Though most Chinese restaurants in the United States are individually or family owned, there are a number of restaurant chains offering Chinese food to American tastes. One of the largest fancy dinner chains is the comfortable P.F. Chang’s China Bistro, whose owners also operate the trendy Pei Wei Asian Diner chain. Panda Express is a large, nationwide Chinese fast-food chain with more than 800 locations. Over the past few decades, the all-you-can eat Chinese buffet has become a popular concept.
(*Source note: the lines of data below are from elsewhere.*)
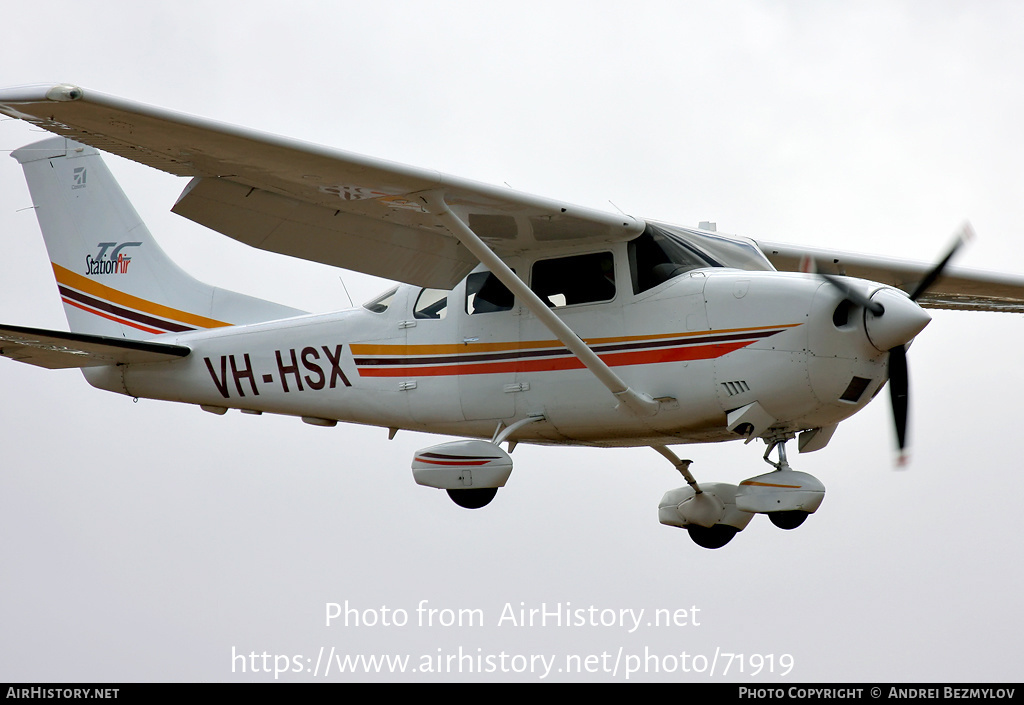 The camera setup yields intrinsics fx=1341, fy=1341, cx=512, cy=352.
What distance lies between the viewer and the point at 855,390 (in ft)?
34.8

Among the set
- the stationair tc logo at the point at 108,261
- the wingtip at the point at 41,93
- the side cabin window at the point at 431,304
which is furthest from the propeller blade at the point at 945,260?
the stationair tc logo at the point at 108,261

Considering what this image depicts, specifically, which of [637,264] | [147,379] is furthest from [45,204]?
[637,264]

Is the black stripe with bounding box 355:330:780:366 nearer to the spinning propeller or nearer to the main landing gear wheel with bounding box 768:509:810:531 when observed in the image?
the spinning propeller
Though American tastes still dictate the content of most Chinese menus outside the largest cities, Chinese-American food has become more varied since the new immigration began (if anything, to compete with the dozens of cuisines that have also become prevalent as a result of the same immigration liberalization: Thai, Indian, Vietnamese, Japanese, Korean, Indonesian, to name just a few of the Asian varieties). A form of restaurant called “Mongolian Barbecue” allows customers to choose their meats and ingredients and cook them or have them cooked on special grills right at their tables. The Chinese menu will nearly always feature a “hot” option in deference to the Szechwan and Hunan traditions. Catering to American health concerns, restaurants also now frequently offer dishes that are steamed instead of fried in oil, and vegetarian options. The dread MSG is far less prevalent.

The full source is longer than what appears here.